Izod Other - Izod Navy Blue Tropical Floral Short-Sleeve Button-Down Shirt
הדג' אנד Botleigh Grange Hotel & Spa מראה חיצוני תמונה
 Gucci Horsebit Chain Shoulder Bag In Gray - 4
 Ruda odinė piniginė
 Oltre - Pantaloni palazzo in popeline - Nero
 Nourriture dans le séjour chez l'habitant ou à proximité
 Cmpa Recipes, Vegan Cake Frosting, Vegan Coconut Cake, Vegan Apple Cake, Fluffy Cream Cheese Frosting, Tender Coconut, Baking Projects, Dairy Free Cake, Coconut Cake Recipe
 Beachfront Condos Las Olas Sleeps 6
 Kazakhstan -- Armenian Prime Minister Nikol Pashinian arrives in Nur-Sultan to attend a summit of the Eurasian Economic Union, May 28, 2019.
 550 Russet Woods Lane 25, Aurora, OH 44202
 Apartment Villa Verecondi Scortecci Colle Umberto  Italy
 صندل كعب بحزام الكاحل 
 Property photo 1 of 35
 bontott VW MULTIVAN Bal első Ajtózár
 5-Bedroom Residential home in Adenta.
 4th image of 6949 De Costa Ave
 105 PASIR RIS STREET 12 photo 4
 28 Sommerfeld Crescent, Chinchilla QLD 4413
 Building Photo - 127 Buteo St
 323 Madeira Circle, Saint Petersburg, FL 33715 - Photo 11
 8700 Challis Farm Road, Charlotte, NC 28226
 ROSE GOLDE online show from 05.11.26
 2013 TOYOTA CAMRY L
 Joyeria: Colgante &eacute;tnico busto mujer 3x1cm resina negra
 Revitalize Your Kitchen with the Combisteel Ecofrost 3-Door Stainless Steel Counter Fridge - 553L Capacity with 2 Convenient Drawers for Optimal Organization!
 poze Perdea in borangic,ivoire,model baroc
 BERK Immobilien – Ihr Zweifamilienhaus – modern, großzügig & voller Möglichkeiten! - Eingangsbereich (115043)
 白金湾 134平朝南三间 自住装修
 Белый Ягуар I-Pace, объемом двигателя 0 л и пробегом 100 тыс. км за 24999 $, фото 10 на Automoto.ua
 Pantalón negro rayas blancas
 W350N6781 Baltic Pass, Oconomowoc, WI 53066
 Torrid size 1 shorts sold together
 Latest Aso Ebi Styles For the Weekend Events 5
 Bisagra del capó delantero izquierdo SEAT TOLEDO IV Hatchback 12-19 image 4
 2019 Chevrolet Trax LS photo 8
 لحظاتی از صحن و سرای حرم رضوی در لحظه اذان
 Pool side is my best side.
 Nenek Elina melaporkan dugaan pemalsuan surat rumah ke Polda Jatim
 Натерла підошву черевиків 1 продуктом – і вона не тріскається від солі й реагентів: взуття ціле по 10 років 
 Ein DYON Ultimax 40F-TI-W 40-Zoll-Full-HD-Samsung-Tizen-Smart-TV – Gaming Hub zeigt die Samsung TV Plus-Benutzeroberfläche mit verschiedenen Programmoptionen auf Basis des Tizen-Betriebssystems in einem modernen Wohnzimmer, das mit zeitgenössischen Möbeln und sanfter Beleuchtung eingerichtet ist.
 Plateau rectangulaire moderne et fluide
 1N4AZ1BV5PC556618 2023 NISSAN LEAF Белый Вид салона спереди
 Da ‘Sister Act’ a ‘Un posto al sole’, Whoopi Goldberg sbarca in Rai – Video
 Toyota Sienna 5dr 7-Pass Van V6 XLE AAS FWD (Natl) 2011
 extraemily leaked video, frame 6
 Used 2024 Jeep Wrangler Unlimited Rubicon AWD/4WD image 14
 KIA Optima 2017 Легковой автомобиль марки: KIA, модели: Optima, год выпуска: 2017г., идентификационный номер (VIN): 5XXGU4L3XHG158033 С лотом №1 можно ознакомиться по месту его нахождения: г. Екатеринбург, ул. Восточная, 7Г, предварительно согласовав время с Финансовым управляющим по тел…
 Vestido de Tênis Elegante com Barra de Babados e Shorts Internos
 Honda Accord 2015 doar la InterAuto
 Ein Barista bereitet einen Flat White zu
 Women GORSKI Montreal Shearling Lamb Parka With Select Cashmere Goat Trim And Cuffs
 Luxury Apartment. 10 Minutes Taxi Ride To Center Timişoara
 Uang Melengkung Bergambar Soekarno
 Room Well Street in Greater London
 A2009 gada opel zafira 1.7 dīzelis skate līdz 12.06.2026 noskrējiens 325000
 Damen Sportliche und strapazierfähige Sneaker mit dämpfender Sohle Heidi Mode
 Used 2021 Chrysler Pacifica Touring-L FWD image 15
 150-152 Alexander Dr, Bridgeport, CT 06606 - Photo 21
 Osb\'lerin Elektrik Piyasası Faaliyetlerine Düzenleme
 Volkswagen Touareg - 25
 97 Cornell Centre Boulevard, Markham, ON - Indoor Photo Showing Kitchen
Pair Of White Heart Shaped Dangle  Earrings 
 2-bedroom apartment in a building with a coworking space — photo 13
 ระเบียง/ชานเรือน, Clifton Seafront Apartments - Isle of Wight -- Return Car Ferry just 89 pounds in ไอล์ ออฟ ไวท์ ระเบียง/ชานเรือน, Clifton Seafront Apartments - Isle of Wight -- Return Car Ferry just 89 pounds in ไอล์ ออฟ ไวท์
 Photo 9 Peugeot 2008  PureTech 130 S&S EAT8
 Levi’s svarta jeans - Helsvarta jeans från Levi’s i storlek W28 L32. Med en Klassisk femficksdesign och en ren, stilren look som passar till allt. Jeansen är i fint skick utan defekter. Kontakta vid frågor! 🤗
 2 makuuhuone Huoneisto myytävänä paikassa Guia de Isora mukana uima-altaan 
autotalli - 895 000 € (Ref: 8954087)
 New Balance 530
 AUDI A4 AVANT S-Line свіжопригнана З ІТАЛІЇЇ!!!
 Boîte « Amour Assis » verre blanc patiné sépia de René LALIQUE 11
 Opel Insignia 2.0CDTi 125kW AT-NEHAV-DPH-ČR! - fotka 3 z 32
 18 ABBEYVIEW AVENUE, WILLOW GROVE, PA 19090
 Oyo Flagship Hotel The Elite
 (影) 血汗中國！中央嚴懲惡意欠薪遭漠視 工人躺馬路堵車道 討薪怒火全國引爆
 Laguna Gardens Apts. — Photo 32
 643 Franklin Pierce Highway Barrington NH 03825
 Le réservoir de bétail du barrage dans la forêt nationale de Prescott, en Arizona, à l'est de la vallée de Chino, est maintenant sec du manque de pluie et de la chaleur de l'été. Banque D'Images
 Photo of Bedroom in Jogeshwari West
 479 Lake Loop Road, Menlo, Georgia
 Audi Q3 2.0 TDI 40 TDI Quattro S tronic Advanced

• _Directions for this task_
Write out the lines above exactly, but only from the one containing "(影) 血汗中國！中央嚴懲惡意欠薪遭漠視 工人躺馬路堵車道 討薪怒火全國引爆" through the last one.

• _Solution for this exercise_
 (影) 血汗中國！中央嚴懲惡意欠薪遭漠視 工人躺馬路堵車道 討薪怒火全國引爆
 Laguna Gardens Apts. — Photo 32
 643 Franklin Pierce Highway Barrington NH 03825
 Le réservoir de bétail du barrage dans la forêt nationale de Prescott, en Arizona, à l'est de la vallée de Chino, est maintenant sec du manque de pluie et de la chaleur de l'été. Banque D'Images
 Photo of Bedroom in Jogeshwari West
 479 Lake Loop Road, Menlo, Georgia
 Audi Q3 2.0 TDI 40 TDI Quattro S tronic Advanced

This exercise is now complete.